TASK MATERIAL Start Marker

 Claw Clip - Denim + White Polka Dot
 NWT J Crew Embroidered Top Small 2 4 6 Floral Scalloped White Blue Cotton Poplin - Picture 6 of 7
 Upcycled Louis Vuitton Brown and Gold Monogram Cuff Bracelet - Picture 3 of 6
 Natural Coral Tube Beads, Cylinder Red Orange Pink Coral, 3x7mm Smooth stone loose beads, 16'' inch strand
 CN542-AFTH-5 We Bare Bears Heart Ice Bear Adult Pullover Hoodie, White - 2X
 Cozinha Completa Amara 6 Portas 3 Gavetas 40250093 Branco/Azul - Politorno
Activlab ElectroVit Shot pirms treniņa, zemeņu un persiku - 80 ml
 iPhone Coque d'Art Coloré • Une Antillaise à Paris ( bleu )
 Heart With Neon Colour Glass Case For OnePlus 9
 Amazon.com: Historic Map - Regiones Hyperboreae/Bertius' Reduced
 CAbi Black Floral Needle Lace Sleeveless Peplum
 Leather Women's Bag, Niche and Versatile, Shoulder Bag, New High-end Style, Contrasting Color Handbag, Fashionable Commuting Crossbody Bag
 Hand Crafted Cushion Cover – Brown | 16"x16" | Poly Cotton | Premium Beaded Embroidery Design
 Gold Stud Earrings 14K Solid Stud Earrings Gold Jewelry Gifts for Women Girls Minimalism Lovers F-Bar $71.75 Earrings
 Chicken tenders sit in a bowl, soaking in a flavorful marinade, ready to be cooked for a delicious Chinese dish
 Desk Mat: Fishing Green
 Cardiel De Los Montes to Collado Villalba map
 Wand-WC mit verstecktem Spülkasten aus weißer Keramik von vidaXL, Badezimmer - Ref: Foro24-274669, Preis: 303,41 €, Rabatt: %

TASK MATERIAL End Marker

## REQUIREMENT:
Would you reproduce the whole listing exactly as it stands?

## OUTPUT FOR THIS EXERCISE:
 Claw Clip - Denim + White Polka Dot
 NWT J Crew Embroidered Top Small 2 4 6 Floral Scalloped White Blue Cotton Poplin - Picture 6 of 7
 Upcycled Louis Vuitton Brown and Gold Monogram Cuff Bracelet - Picture 3 of 6
 Natural Coral Tube Beads, Cylinder Red Orange Pink Coral, 3x7mm Smooth stone loose beads, 16'' inch strand
 CN542-AFTH-5 We Bare Bears Heart Ice Bear Adult Pullover Hoodie, White - 2X
 Cozinha Completa Amara 6 Portas 3 Gavetas 40250093 Branco/Azul - Politorno
Activlab ElectroVit Shot pirms treniņa, zemeņu un persiku - 80 ml
 iPhone Coque d'Art Coloré • Une Antillaise à Paris ( bleu )
 Heart With Neon Colour Glass Case For OnePlus 9
 Amazon.com: Historic Map - Regiones Hyperboreae/Bertius' Reduced
 CAbi Black Floral Needle Lace Sleeveless Peplum
 Leather Women's Bag, Niche and Versatile, Shoulder Bag, New High-end Style, Contrasting Color Handbag, Fashionable Commuting Crossbody Bag
 Hand Crafted Cushion Cover – Brown | 16"x16" | Poly Cotton | Premium Beaded Embroidery Design
 Gold Stud Earrings 14K Solid Stud Earrings Gold Jewelry Gifts for Women Girls Minimalism Lovers F-Bar $71.75 Earrings
 Chicken tenders sit in a bowl, soaking in a flavorful marinade, ready to be cooked for a delicious Chinese dish
 Desk Mat: Fishing Green
 Cardiel De Los Montes to Collado Villalba map
 Wand-WC mit verstecktem Spülkasten aus weißer Keramik von vidaXL, Badezimmer - Ref: Foro24-274669, Preis: 303,41 €, Rabatt: %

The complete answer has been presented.